O conhecimento deste modelo monofónico é obviamente fundamental para se compreenderem as composições polifónicas de Textos, Bradados, Turbas ou Versos da Paixão que enriqueceram o património musical de Portugal, sabendo que os polifonistas portugueses, na sua maioria, continuaram a compor música sacra na base do cantus firmus tradicional.
Foi inútil até ao momento a tentativa de localizar em terras brasileiras qualquer deste passionários impressos portugueses, e, contudo, não é crível que os missionários se fiassem exlusivamente da sua memória e não tivessem levado consigo qualquer passionário entre os restantes livros litúrgicos. De qualquer modo, e enquanto esperamos uma abertura mais liberalizada dos arquivos brasileiros, existe a certeza de que o modelo melódico da paixão portuguesa foi introduzido no Brasil. Seja o primeiro exemplo, a Paixão de Francisco Luís nas cópias existentes em Mariana e em São Paulo: a par da polifonia composta para o Texto, ou seja o Narrador ou Evangelista, os manuscritos transmitem, nos momentos próprios, a linha monofónica de todos os personagens da Paixão, inclusive o próprio Cristo, e obviamente, de acordo com as numerosas cópias dos arquivos portugueses, com o modelo melódico tradicional português.
O outro exemplo está patente no Grupo de Mogi das Cruzes: aqui, como se pode ver nas transparência, aparece em plena polifonia do canto das Turbas a linha monofónica da criada, a célebre ancilla, que é igual à mesma frase dos Passionários portugueses, neste caso a trasnparência de duas páginas de Fr. Manuel Pousão. Finalmente, o manuscrito encontrado no Mosteiro de São Bento do Rio de Janeiro, da autoria de Manuel da Silva Rosa, apresenta igualmente o Texto da Paixão a três vozes, mas à semelhança das cópias de Francisco Luís, igualmente com a monofonia tradicional portuguesa para as frases de todos os personagens da Paixão.

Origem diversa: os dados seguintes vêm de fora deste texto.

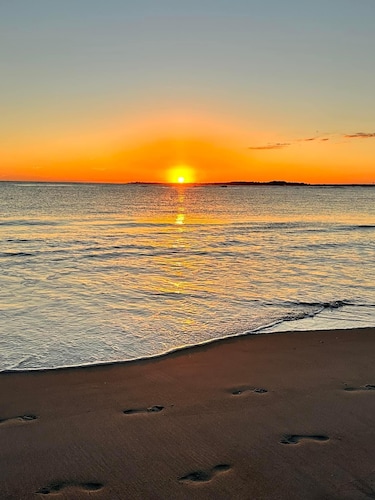 1st flr Oceanfront condo at EI, with 3BR/2.5 Baths. Steps from the beach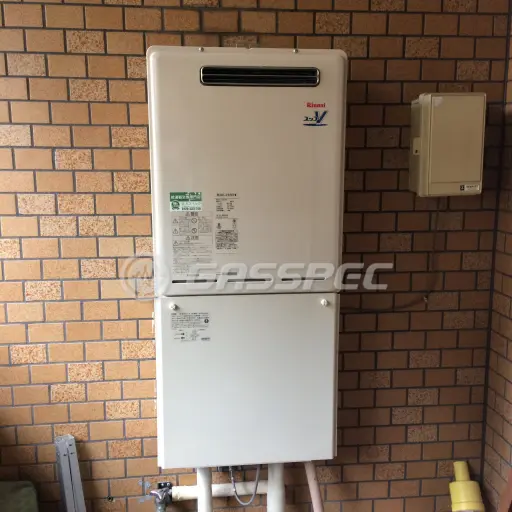 交換後の給湯器（リンナイ RUXC-V3201W）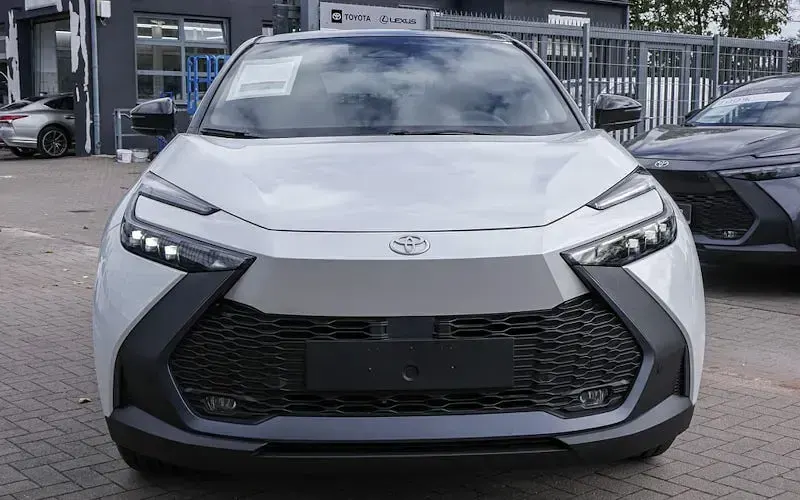 Neu Toyota C-HR 140 PS (102 kW) 2025 Weiß SUV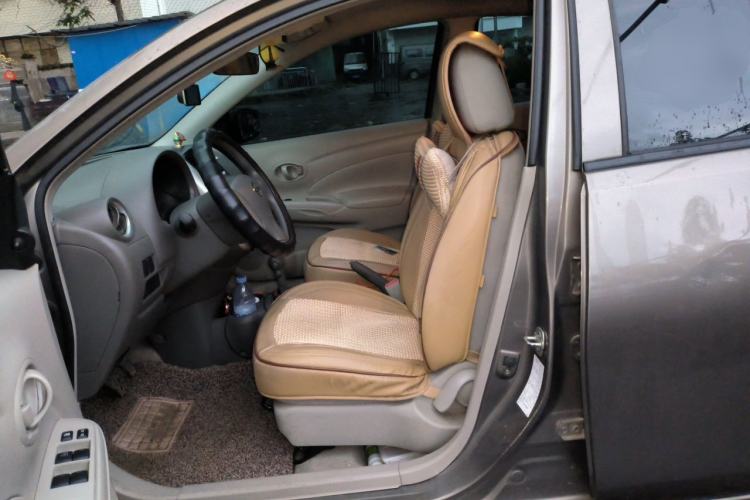 Used Nissan Sunny 2015 1.5XE CVT Comfort Edition Left Front Seat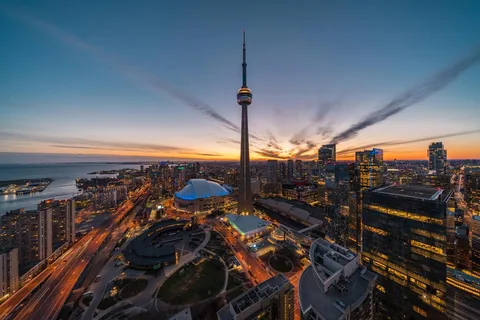 Rundgang zu den Highlights der Stadt mit Eintritt in den CN Tower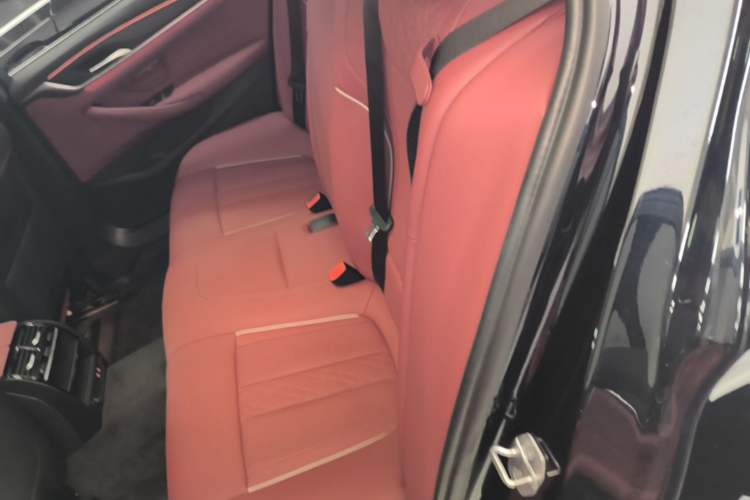 Used BMW 5 Series 2022 Restyled 530Li Leading Edition M Sport Package Left Rear Seat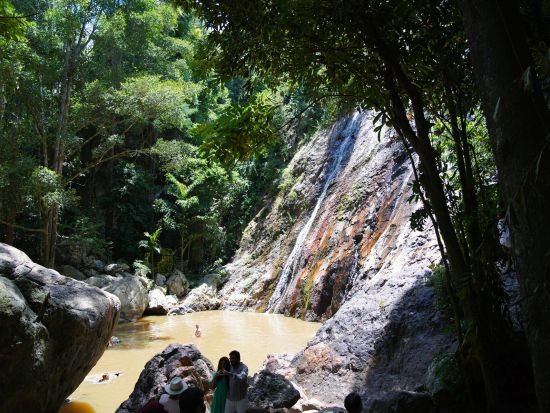 サムイ島観光ツアー　4WDジープで定番観光スポット巡り＆ジャングルのドライブを楽しむ ＜昼食付き／英語ガイド＞
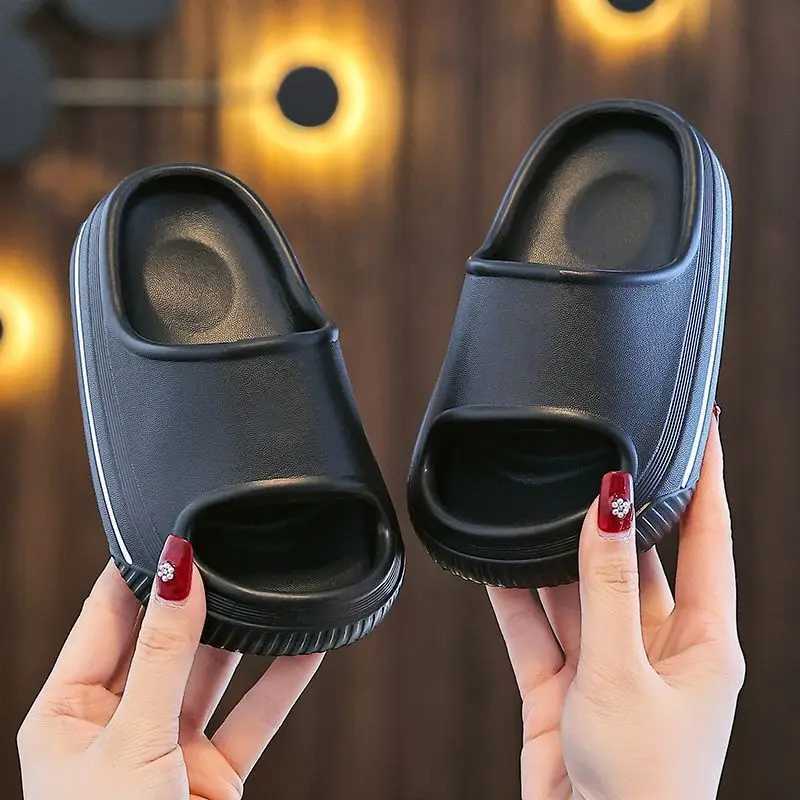 Slipper Solid EVA Childrens Slide 2025 Summer Leisure Waterproof Indoor Childrens Slide Beach Soft Anti slip Outdoor Shoes for Boys and Girls S25326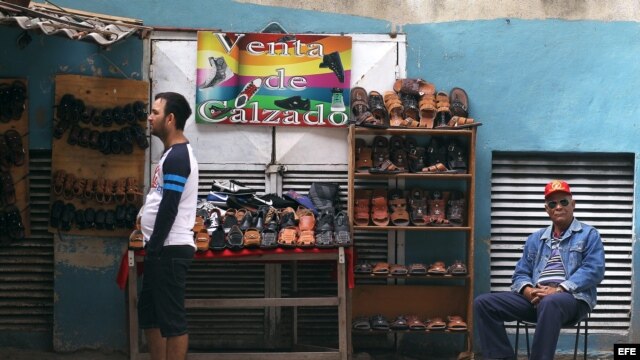 Enero 2015 - Dos hombres venden zapatos en un negocio callejero en una calle de La Habana (Cuba).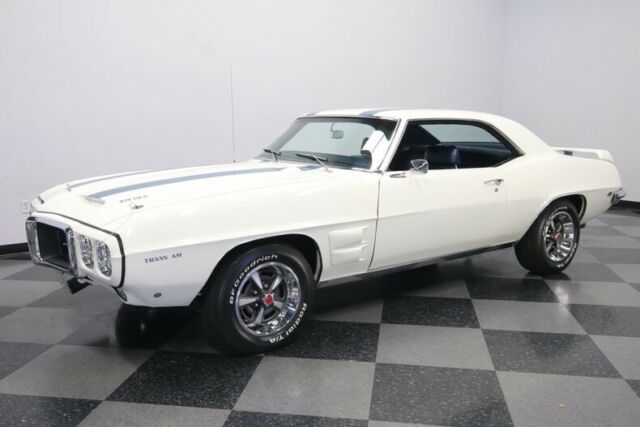 Pontiac Firebird 1969 image number 30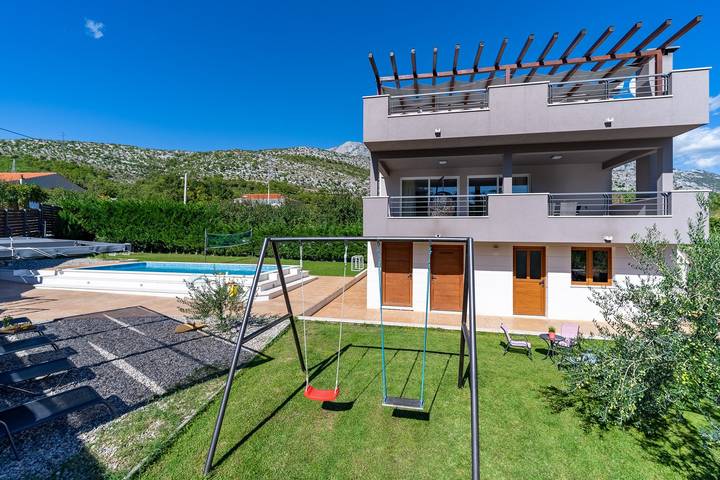 Villa Jelena private pool no-Chlorine system,Sauna in Naklice, Split-Dalmatien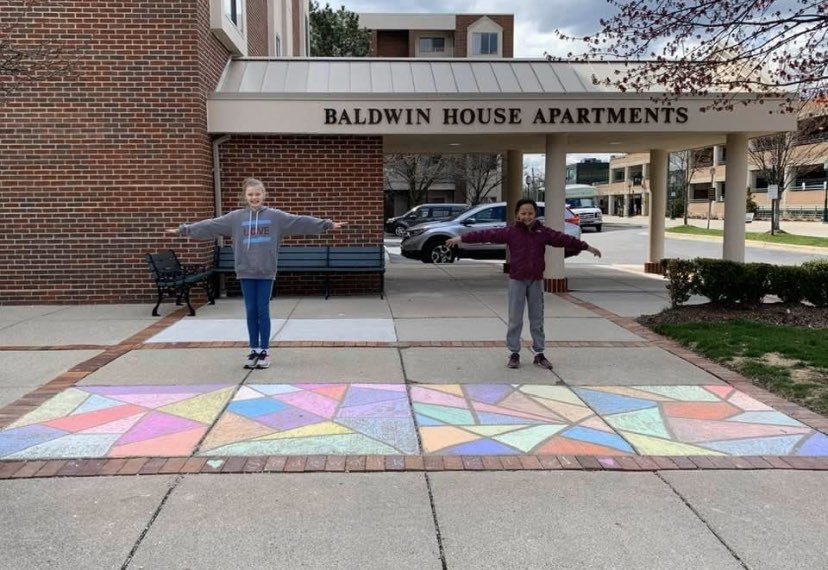 Super proud of these girls! Way to make Pierce proud! They have already raised $2500 for flagmetrodetroit.org for meals for frontline workers. 
<a href="/PierceBPS/">Pierce School</a> <a href="/BirminghamPS/">Birmingham Schools</a>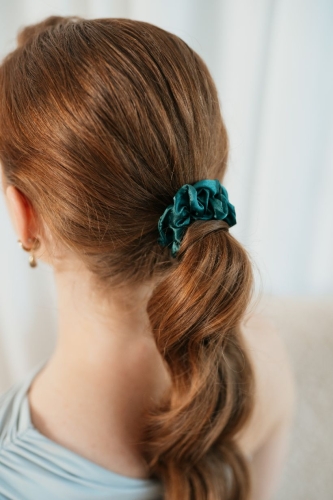 Przejdź do produktu Mini scrunchie | CIEMNA ZIELEŃ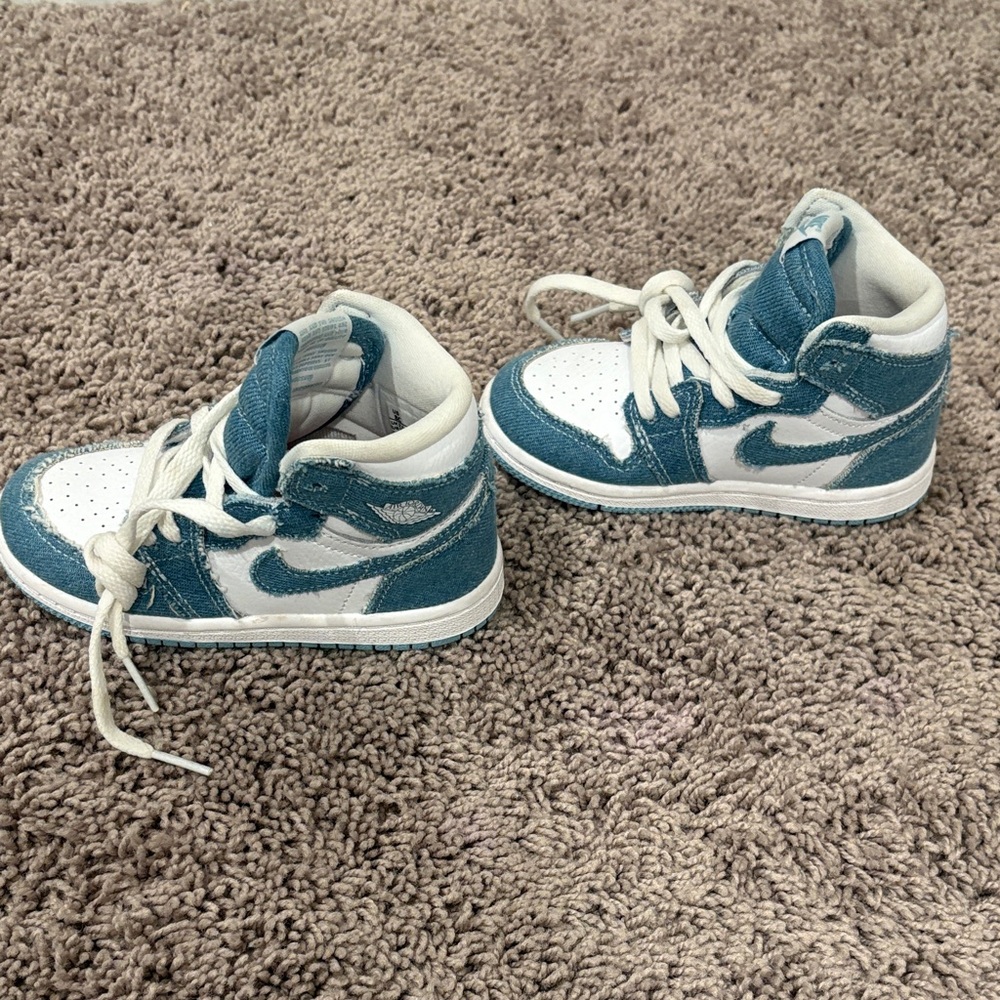 Nike Air Jordan 1 Retro High OG TD
'Denim'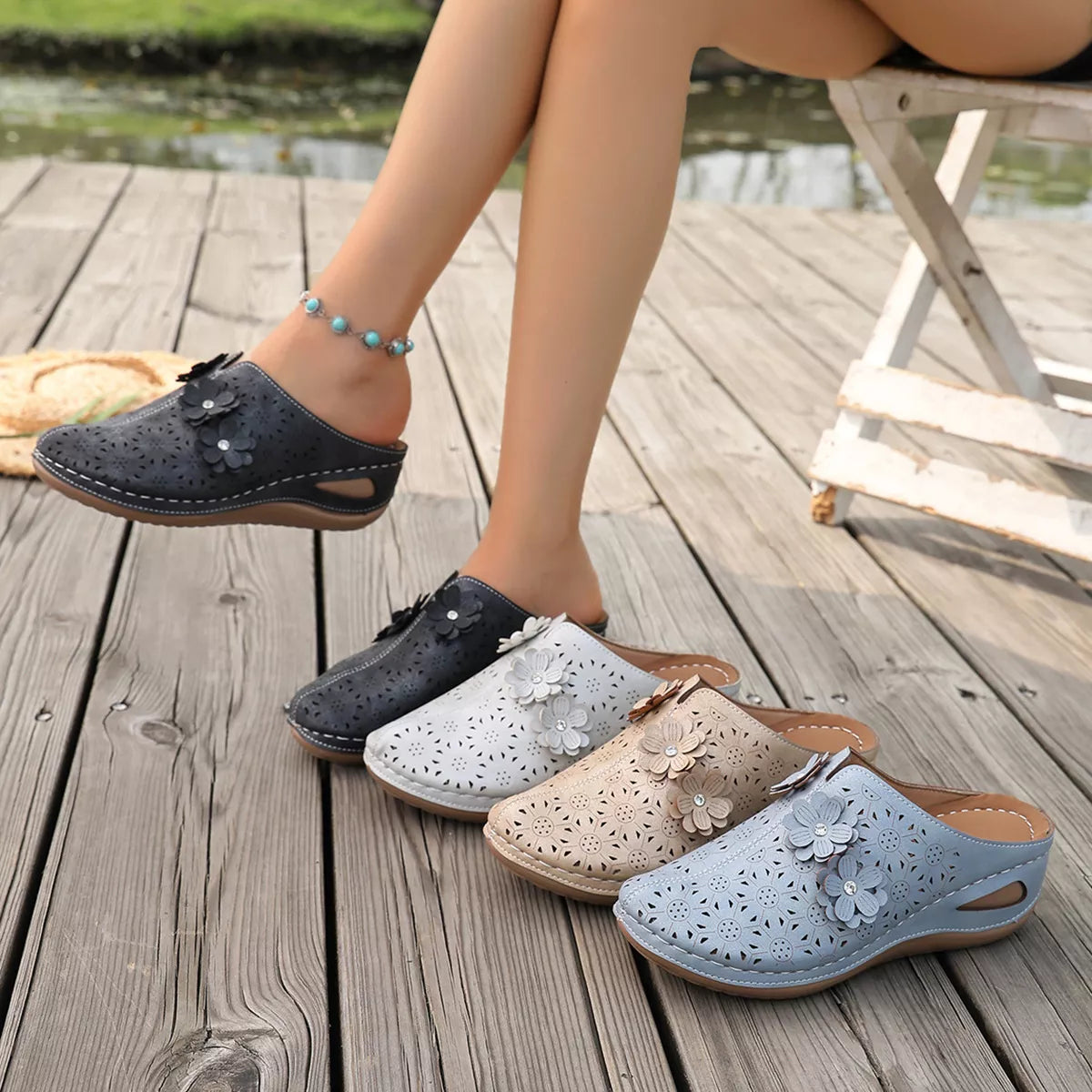 Floral Decor Round Toe Sandals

Fica para outra oportunidade a análise da escrita polifónica destes espécimes brasileiros da Paixão. Da minha parte, estou certo que não andarão longe da produção de tal música por terras portuguesas onde, por entre os 166 espécimes polifónicos hoje conhecidos, sobressaem os notáveis Versos da Paixão, ou Ditos de Cristo, a 3 vozes que, a partir de Santa Cruz de Coimbra (e com obras notáveis de D. Pedro de Cristo, Estêvão Lopes Morgado e Francisco Martins), constituem uma corrente estética alargada a todo o Portugal e, agora sabemo-lo. também no Brasil, justificando plenamente o que o especialista Kurt von Fischer, referindo-se ao MM 56 da Biblioteca Geral da Universidade de Coimbra, chama "Ein singulärer Typus portuguiesischer Passionen".
Eis aí o um bom reflexo da prática musical e, se quiserem, o início de um verdadeiro fluxo-refluxo da cultura musical luso-brasileira. Pelos vistos, não é so a modinha, eventualmente o Fado ou em geral o afecto melancólico que aproxima a música dos povos irmãos: a essência musical brasileira vem de muito antes e Portugal, à frente da Europa, está na sua origem.